| What this task involves |
The full listing is to be returned exactly as given, but without pictures.

-- Opening Marker --

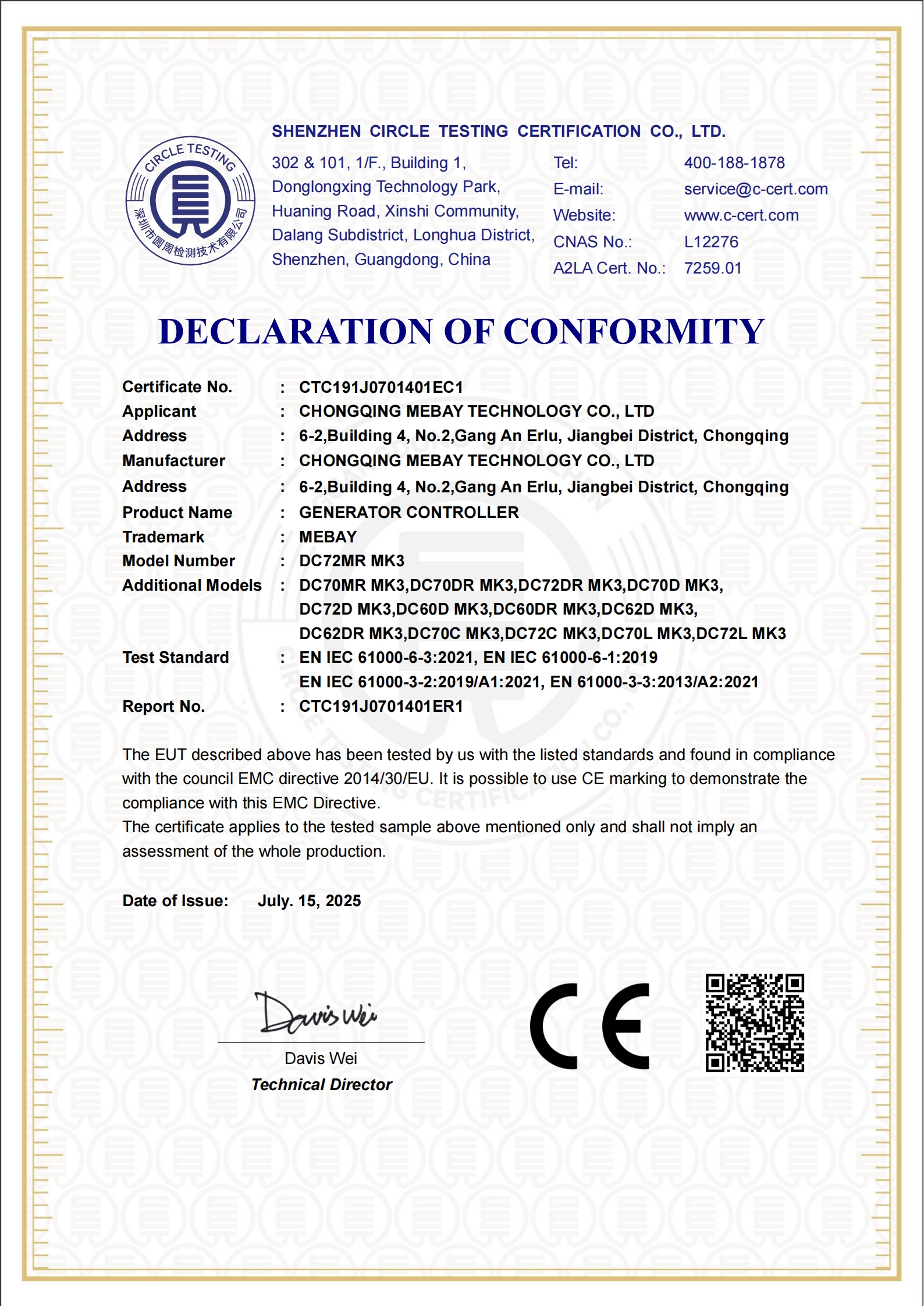 CTC191J0701401EC1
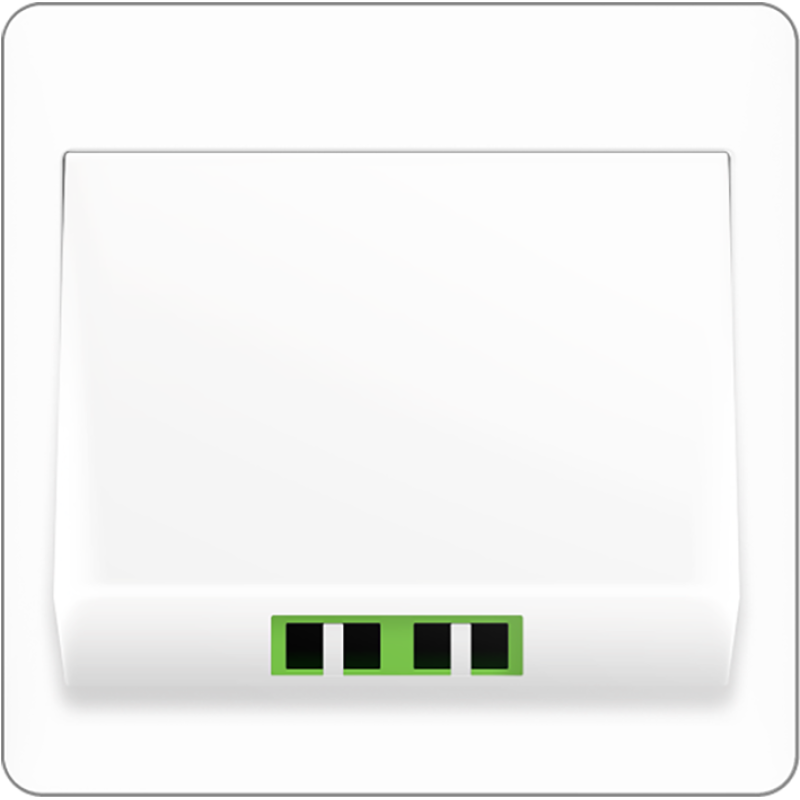 B2000L Duplex APC Fiber Optic Outlet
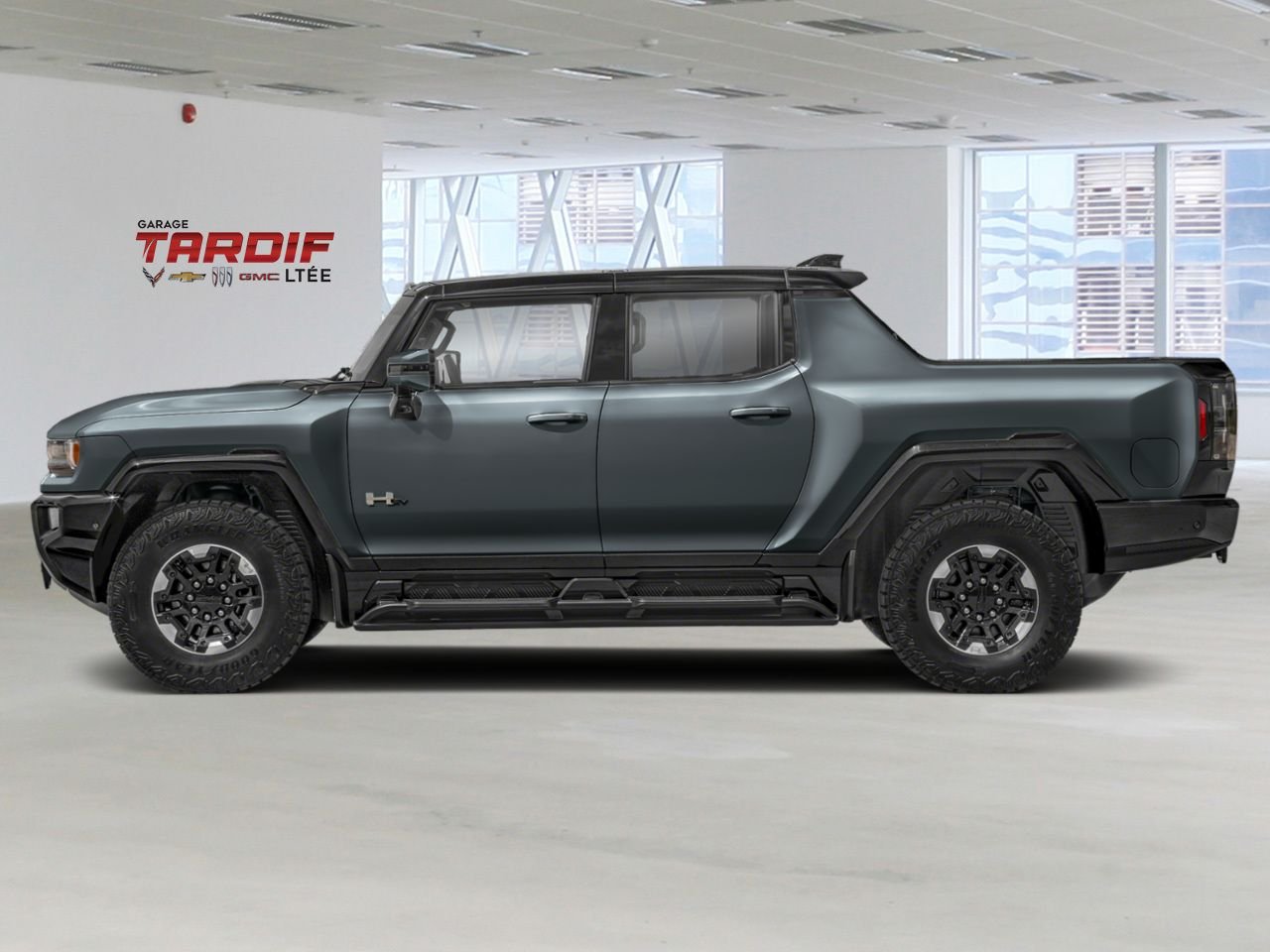 2026 GMC HUMMER EV Pickup 2X cabine multiplace e4RM avec 1SC Meteorite Metallic (Grey) Amos - photo #1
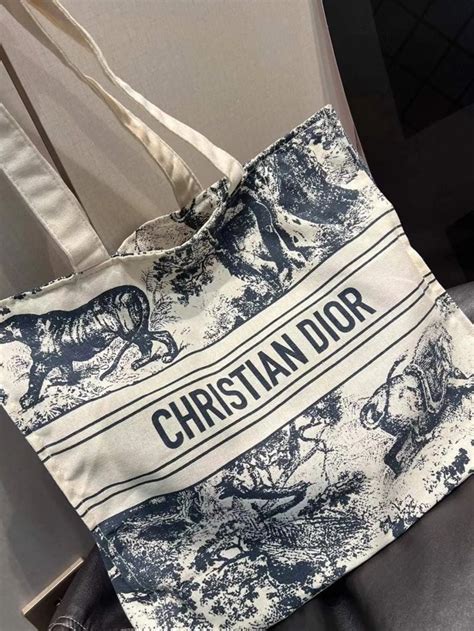 christian dior vip tote bag|Christian Dior tote bag colorful.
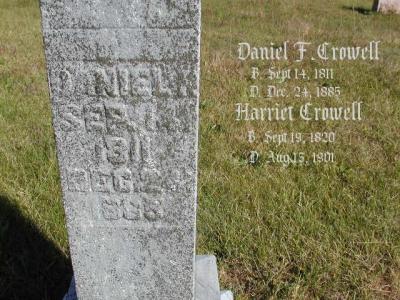 Crowell, Daniel & Harriet Section 2 Row 17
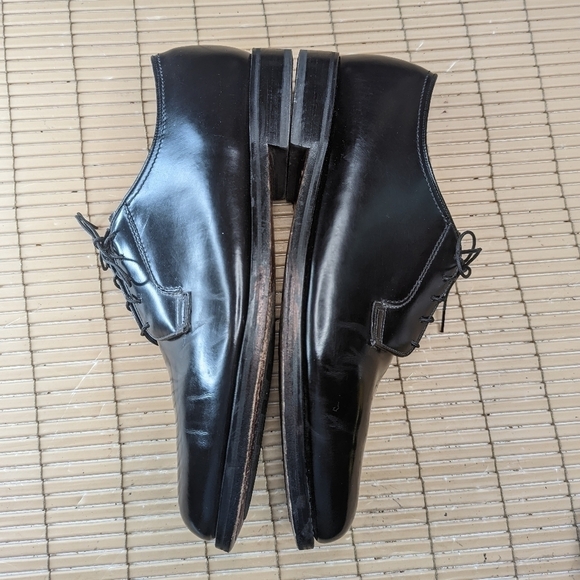 Florsheim Mens Midtown Plain Toe Oxford Black Leather Size 11EEE.   Great Condit - Picture 8 of 11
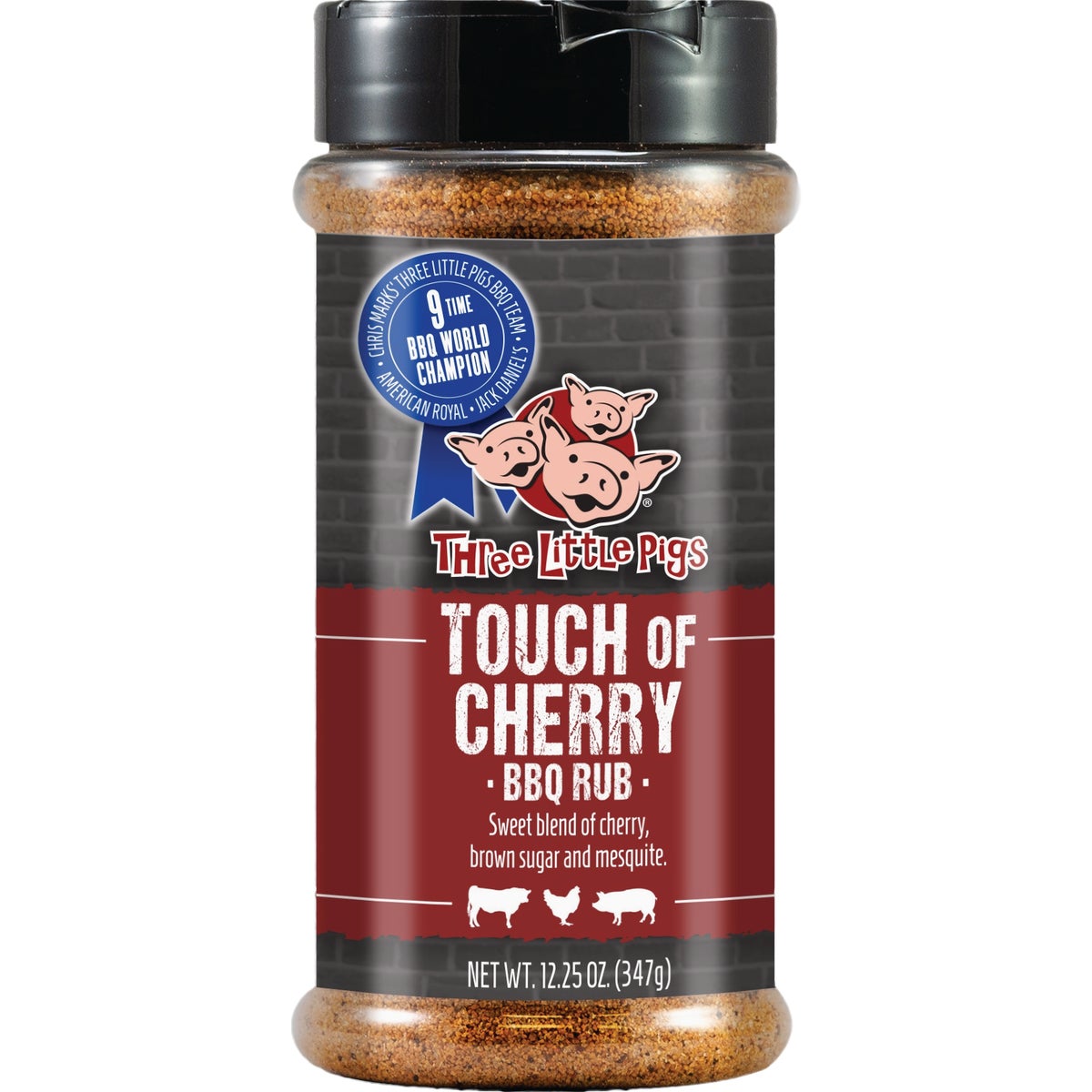 Three Little Pigs 12.25 Oz. Touch of Cherry BBQ Rub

-- Closing Marker --

| Finished exercise |
 CTC191J0701401EC1
 B2000L Duplex APC Fiber Optic Outlet
 2026 GMC HUMMER EV Pickup 2X cabine multiplace e4RM avec 1SC Meteorite Metallic (Grey) Amos - photo #1
 christian dior vip tote bag|Christian Dior tote bag colorful.
 Crowell, Daniel & Harriet Section 2 Row 17
 Florsheim Mens Midtown Plain Toe Oxford Black Leather Size 11EEE.   Great Condit - Picture 8 of 11
 Three Little Pigs 12.25 Oz. Touch of Cherry BBQ Rub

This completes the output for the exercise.